Una dinamica che ricorda il “modello normativo” del Palio di Siena.

Si parla di verità banali ma, in un paese dove – come ha detto Ennio Flaiano – la linea più breve che unisce due punti è l’arabesco, sono verità impronunciabili, sicché le fazioni si sono (sinora, in futuro si vedrà) schierate lungo i fronti contrapposti del “giustizialismo” e del “garantismo”.

Di fatto, il trionfo del giustizialismo coincide col trionfo dell’ordine giudiziario inteso come corpo separato che riempie, secondo un’eterna legge fisica, il vuoto lasciato dalla progressiva anchilosi del sistema politico. Altro che “uso politico della giustizia”. Può esserci nelle “guerre dei dossier” tra leader ma in questi casi recriminare per il ruolo della magistratura è un non senso. C’è stato quando dopo l’Autunno Caldo del 1969 la classe politica si è rifugiata sotto le toghe dei pretori affidando loro la gestione delle relazioni industriali in Italia. Questi ultimi non si sono fatti pregare.

Come, in generale, il potere giudiziario non si è mai fatto pregare quando gli sono capitati compiti da prima pagina, dal caso Montesi allo scandalo dei petroli dei primi anni Settanta a Tangentopoli e ben oltre. L’unica cosa certa è l’impossibilità, per chi non dispone di fonti di informazioni privilegiate, di capire chi usa chi.

Niente da dire, tutto questo è nella natura delle cose, basterebbe – ma so che è una pretesa smodata – che ci venisse risparmiata almeno una piccola parte dell’orgia di retorica che sostanzia il discorso pubblico su questi argomenti.

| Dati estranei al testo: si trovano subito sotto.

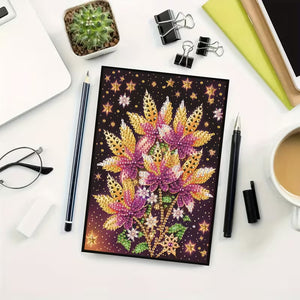 Diamond painting notesbog med blomster i lilla og gyldne toner.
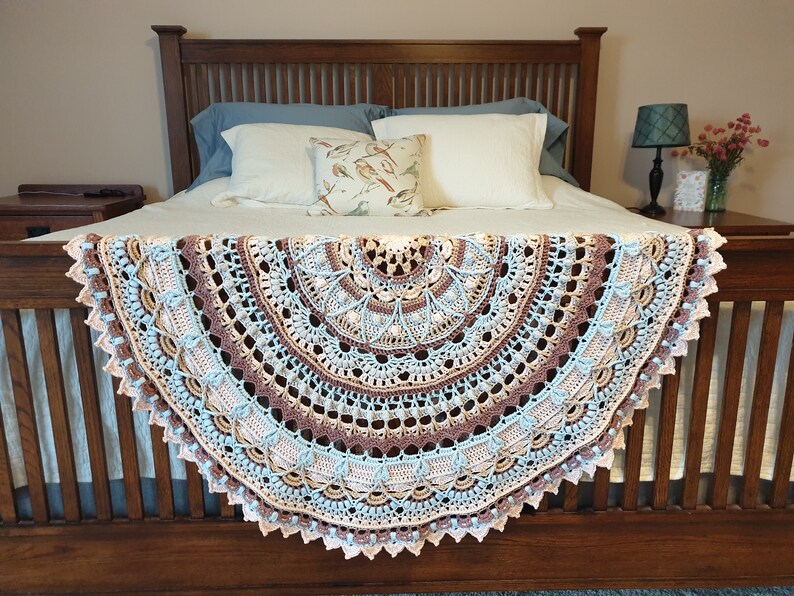 May include: A crocheted throw blanket in shades of brown, beige, blue, and pink. The blanket is draped over a wooden bed frame with white and blue pillows.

Mi rendo conto, infatti, che viviamo nella società dello spettacolo e noi del pubblico pagante non abbiamo niente da dire ma solo da applaudire. C’è però una questione di limiti, una questione eminentemente “estetica”. Quando ho visto, sul Corriere di domenica, una intera pagina dedicata alle letture di Matteo Messina Denaro, completa di fotografie di una sedicente libreria nel “covo” (chissà come se la saranno procurata…), mi sono chiesto se, oramai, non siamo entrati a vele spiegate nella società dell’avanspettacolo.